BEST FANZINE: SF Signal

I'm sure there's grumbling in certain sectors of SMOFdom today, since SF Signal is "not a fanzine" to many of them -- it doesn't have staples or the smell of mimeo about it. But I'm an occasional contributor (they ask me more often, and I've punted a couple of things due to press of day job work), and they're more-or-less the hometown boys at this Worldcon, so it's great to see them win.

BEST FANCAST: SF Squeecast

Again, I can't stand spoken-word audio, so I can't judge this category. Very fannish name though, which I like to see.

BEST FAN WRITER: Tansy Rayner Roberts
BEST FAN ARTIST: Galen Dara

Not familiar with the work of either of them, and I think they're both new nominees in their categories. Since these are usually the least-nominated and least-voted categories, it's great to see new names and new energy here.

JOHN W. CAMPBELL AWARD FOR BEST NEW WRITER [NOT A HUGO AWARD]: Mur Lafferty

Please -- never refer to the Campbell as a Hugo!

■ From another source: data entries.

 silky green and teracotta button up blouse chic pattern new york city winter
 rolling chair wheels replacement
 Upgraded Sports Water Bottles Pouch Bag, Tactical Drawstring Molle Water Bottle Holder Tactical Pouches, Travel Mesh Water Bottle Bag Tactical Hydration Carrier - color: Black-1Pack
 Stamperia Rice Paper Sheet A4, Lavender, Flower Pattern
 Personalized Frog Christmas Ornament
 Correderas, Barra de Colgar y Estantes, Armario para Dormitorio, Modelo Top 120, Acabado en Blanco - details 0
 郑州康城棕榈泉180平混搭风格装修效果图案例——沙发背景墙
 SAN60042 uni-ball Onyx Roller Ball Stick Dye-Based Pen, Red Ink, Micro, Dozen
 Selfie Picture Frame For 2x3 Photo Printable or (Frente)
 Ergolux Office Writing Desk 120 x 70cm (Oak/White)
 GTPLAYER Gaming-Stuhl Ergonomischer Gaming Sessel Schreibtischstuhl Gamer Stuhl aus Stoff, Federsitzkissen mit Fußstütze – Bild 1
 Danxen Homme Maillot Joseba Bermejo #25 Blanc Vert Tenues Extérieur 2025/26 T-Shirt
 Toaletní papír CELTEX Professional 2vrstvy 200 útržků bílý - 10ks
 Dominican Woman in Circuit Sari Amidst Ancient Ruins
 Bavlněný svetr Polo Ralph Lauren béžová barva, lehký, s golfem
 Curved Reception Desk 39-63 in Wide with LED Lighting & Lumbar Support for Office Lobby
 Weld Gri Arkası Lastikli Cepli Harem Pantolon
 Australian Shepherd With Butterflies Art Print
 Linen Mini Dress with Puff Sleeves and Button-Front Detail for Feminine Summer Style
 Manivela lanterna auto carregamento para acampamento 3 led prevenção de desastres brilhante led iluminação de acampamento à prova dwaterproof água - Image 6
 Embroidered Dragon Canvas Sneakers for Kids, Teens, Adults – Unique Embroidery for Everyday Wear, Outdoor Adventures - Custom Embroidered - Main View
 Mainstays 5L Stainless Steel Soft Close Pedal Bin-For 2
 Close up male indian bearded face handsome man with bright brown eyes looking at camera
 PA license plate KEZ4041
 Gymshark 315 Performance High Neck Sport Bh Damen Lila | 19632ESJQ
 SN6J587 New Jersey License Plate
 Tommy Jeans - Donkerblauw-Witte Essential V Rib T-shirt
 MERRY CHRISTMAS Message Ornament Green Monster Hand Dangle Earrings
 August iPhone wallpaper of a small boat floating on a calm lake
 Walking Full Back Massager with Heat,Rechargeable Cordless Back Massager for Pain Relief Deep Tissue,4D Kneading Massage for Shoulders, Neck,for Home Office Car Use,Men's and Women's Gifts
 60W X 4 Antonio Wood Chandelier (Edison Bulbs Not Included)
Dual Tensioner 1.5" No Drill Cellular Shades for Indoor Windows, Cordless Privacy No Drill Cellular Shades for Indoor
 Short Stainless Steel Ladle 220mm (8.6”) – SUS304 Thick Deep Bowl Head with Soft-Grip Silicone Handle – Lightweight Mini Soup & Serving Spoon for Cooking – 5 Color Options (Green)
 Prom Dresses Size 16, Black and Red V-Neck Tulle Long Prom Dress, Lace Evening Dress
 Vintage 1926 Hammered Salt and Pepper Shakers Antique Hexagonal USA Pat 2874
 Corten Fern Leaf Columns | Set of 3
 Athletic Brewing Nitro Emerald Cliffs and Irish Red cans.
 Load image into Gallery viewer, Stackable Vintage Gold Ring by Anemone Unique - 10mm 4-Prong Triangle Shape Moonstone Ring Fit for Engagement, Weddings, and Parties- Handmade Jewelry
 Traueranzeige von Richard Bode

Whatever corporate entity that currently publishes Asimov's and Analog would never forgive you.


And congratulations to all of the winners (and nominees), despite any snark above -- winning or being nominated for a Hugo is a huge deal, and should be celebrated.

(via Locus Online)

Reviewing the Mail: Week of 8/31

My US readers will be celebrating Labor Day when this goes live, and those of you in the rest of the world will have to console yourselves (assuming that you're working that day) with the knowledge that nearly all of you get more generous time off, medical care, and other benefits than we don't-need-no-guv'mint! American types have.

There's no mail delivery today, but there was mail and packages last week, which left me the following interesting items. I might make fun of them here -- I'll try not to, but the spirit is week, and every piece of art has something that's easy to parody -- but that doesn't mean that they might not be your favorite book of the year. And, in any case, I haven't read any of these -- so please assume that any fact you don't like is just me getting it wrong.

I'll start off with two standalone manga volumes -- yes, they do exist! -- both from Vertical this month.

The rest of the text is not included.